━━━ Data segment

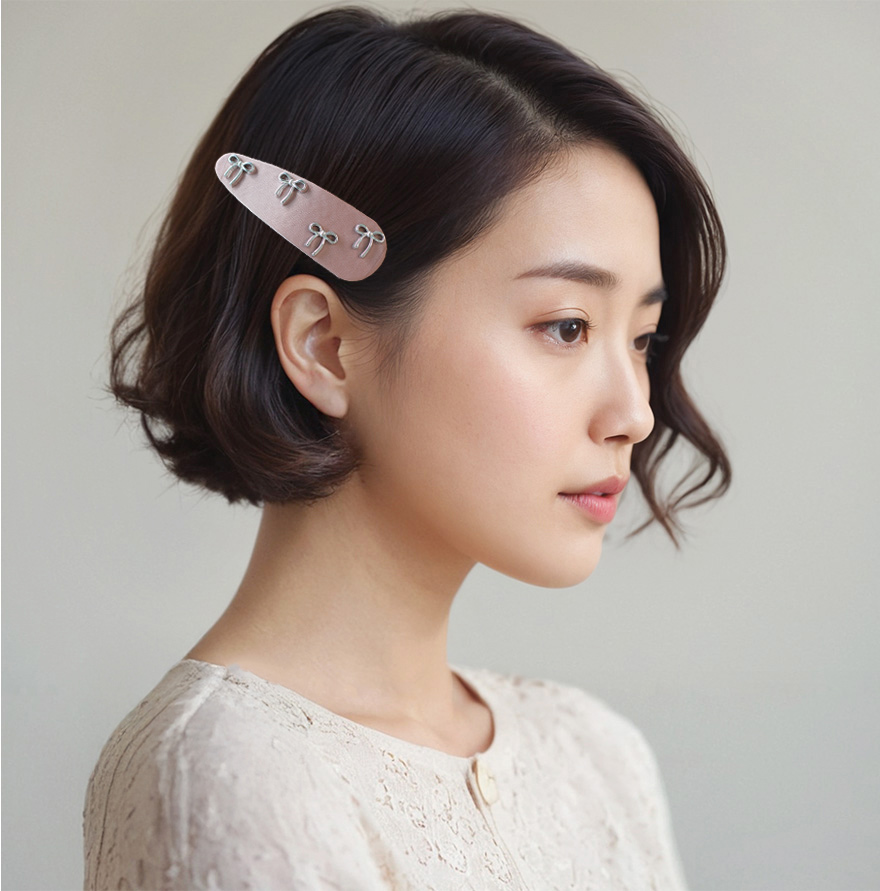 발레코어 리본 새틴 공단 똑딱핀 삼각핀 블랙 핑크 아이보리 - 상세 이미지 2
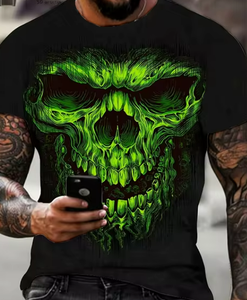 Horror Skull <strong>t</strong> <strong>Shirt</strong> <strong>3D</strong> Print Vintage O-Neck Short Sleeve Fashion <strong>Designer</strong> Clothes Men's Summer Street Clothing <strong>t</strong> <strong>Shirt</strong> for Men - Product Image 5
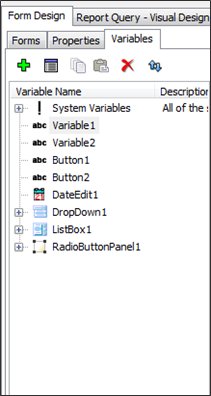 List of system variables before copy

━━━━━━

▶ **Problem**: Copy out all the data without changing anything, and drop the pictures.

▶ **Result of the task**:
 발레코어 리본 새틴 공단 똑딱핀 삼각핀 블랙 핑크 아이보리 - 상세 이미지 2
 Horror Skull <strong>t</strong> <strong>Shirt</strong> <strong>3D</strong> Print Vintage O-Neck Short Sleeve Fashion <strong>Designer</strong> Clothes Men's Summer Street Clothing <strong>t</strong> <strong>Shirt</strong> for Men - Product Image 5
 List of system variables before copy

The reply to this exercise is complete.